Across the listing below, count the lines with "Chapter" in them. Write nothing but the number.

## [RECORD EXCERPTS]

---+---

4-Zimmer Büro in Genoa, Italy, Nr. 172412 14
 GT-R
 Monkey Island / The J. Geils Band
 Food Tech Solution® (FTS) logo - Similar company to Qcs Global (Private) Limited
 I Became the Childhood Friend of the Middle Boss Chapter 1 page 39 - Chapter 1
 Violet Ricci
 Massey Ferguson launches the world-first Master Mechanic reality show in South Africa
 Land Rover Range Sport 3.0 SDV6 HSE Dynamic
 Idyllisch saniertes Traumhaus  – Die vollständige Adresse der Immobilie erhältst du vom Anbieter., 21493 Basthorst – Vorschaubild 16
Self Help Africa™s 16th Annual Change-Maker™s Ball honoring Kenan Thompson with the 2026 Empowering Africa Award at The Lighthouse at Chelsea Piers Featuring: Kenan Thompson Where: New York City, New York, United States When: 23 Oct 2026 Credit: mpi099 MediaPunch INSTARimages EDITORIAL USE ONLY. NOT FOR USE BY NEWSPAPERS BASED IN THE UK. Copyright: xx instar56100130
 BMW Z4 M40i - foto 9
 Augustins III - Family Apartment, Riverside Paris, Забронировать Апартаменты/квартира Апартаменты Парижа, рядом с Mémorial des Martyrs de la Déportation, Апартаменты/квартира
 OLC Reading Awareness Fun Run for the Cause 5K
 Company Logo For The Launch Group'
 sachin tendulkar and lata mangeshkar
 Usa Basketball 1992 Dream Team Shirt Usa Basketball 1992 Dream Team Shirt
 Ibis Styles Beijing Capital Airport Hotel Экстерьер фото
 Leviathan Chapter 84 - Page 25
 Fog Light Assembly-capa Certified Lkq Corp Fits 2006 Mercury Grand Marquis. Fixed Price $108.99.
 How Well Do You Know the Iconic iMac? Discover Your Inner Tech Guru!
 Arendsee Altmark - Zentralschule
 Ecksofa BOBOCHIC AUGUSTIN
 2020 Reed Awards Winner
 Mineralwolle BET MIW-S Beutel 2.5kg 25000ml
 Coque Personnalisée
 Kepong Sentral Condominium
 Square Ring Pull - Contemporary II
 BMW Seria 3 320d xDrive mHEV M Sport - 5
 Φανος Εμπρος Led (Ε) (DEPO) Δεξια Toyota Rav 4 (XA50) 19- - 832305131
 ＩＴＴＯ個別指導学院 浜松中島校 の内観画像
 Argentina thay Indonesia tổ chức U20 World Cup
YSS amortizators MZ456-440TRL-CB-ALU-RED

---+---

## [RESPONSE FOR THIS EXERCISE]
2